Having handled two hijackings as consul general in Karachi in 1984, against the backdrop of militancy in Punjab, I had the uneasy feeling that like aircraft hijackings in the past, even this one would inevitably have a Pakistani connection. The ISI had in 1984 actually provided a pistol to the hijackers at Lahore airport. Having observed the working of the Pakistan military during a hijacking in 1984, I had no doubt that General Musharraf would behave no differently in dealing and colluding with the hijackers from General Zia-ul-Haq, in 1984. In 1984, however, Indira Gandhi had no intention of yielding to the demands of the hijackers, who were soon repatriated to India from Dubai.
It is not the purpose of this article to narrate all that transpired between December 24 and December 31, 1999. The full records of every conversation, including talks with Taliban diplomats and actions taken, were meticulously recorded by the high commission. They should perhaps be made public. But, it would suffice to say that New Delhi was totally unprepared to deal with the situation. Things were messed up in every respect, ranging from the inability to act decisively to terminate the hijacking in Amritsar, the insensitive manner in which the relatives of the passengers were treated and the media handled, to the entire fiasco of sending a hotchpotch team without an empowered senior and universally respected negotiator to Kandahar. One could not also understand the refusal to make public the fact that the high commission had sought and obtained an assurance from the Taliban that the aircraft would be stormed by them if even a single passenger was harmed by the hijackers.

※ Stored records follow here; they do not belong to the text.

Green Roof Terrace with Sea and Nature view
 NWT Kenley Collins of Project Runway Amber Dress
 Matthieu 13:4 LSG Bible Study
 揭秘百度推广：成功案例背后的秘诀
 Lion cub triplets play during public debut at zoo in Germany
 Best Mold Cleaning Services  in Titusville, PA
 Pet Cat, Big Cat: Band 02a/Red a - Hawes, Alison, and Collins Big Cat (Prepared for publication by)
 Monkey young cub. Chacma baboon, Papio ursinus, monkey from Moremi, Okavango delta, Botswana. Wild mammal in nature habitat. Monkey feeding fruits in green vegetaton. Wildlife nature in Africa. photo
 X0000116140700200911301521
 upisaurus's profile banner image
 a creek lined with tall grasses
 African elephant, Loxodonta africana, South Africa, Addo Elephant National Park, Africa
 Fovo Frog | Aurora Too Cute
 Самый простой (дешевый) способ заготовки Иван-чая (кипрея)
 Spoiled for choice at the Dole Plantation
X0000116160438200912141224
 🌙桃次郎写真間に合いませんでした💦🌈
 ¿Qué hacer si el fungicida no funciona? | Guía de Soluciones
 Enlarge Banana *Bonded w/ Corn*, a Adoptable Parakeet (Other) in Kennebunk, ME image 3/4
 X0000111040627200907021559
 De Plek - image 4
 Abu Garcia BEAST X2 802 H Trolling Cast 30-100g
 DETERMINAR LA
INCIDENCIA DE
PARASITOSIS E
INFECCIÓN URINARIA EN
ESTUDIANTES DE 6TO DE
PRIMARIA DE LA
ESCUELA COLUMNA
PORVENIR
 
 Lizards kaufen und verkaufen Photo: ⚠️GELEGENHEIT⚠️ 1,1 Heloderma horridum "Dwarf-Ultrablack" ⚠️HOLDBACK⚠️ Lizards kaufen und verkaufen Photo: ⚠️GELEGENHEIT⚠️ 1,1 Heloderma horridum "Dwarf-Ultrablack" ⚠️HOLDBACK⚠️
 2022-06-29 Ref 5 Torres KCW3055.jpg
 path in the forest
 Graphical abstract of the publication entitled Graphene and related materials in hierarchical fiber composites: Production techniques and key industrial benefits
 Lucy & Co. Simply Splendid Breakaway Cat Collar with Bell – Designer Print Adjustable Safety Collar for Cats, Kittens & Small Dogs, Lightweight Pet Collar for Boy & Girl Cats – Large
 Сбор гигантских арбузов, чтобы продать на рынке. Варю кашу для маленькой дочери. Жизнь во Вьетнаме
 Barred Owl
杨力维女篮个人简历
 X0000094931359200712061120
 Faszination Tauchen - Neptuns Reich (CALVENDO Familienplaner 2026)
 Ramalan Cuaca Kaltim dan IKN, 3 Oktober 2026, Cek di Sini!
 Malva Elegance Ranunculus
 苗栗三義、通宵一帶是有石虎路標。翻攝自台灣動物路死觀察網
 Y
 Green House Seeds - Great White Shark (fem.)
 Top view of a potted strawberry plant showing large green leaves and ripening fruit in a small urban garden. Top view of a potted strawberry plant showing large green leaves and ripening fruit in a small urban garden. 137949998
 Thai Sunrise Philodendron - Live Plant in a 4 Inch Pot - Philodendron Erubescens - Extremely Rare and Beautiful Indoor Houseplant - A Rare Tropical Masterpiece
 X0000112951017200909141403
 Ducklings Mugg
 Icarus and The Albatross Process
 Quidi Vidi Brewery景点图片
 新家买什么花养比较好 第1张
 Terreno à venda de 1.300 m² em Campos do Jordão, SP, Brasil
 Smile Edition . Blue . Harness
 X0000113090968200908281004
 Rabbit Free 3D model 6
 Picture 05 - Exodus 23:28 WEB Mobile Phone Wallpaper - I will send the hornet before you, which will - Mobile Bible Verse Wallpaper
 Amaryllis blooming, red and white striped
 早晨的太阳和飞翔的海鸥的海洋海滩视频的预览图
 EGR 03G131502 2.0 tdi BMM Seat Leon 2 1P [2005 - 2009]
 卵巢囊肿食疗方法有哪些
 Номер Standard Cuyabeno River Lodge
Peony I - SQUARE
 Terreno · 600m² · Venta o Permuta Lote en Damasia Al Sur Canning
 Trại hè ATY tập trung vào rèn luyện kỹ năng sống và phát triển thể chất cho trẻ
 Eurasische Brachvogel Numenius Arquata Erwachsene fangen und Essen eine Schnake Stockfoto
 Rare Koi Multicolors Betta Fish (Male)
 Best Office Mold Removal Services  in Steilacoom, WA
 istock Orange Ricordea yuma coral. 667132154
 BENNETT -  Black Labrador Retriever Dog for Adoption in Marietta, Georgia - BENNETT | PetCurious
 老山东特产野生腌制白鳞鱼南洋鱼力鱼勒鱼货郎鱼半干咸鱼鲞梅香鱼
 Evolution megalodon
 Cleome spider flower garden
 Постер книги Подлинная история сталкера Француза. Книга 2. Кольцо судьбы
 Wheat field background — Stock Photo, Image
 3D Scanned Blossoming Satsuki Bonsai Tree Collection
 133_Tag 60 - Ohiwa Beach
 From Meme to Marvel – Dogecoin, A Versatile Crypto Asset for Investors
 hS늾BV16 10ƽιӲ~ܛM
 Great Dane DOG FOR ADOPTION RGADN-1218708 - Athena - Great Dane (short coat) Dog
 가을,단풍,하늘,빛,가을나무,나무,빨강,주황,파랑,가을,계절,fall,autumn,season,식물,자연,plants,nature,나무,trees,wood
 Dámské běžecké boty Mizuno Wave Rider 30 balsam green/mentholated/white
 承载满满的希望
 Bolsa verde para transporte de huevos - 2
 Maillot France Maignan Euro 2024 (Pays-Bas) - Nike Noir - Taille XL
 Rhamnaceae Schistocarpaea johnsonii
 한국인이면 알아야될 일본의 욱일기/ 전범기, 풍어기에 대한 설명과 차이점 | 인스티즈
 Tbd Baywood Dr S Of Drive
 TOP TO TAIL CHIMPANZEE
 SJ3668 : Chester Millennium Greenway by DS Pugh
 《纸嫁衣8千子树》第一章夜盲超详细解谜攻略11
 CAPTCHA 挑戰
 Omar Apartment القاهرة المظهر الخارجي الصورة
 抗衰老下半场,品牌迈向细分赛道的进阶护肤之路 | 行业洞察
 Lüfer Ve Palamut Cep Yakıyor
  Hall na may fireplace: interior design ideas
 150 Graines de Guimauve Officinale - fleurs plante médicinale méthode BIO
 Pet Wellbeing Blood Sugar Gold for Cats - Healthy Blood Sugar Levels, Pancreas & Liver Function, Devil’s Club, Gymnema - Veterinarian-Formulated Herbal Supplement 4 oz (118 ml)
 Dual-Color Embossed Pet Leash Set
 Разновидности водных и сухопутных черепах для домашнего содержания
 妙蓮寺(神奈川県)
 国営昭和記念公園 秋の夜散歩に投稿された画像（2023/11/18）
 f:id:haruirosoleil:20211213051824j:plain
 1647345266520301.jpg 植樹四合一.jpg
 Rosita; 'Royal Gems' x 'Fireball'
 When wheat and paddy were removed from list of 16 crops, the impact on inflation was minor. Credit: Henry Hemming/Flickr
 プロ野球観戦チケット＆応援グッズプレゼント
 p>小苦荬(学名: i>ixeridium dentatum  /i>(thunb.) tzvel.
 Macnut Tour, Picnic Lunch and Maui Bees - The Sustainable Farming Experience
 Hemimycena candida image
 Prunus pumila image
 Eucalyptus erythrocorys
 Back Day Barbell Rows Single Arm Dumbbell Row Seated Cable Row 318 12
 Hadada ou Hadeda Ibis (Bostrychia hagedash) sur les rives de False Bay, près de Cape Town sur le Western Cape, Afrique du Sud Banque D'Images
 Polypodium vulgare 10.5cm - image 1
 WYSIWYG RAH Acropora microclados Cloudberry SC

The Taliban felt compelled to give this assurance because they were warned of the serious international consequences of any harm coming to the passengers. Sadly, the Clinton administration was too engrossed in its last Christmas holidays of the 20th century to offer any tangible support, or mount any pressure on the Musharraf dispensation, which was working hand in glove with the Taliban and the hijackers.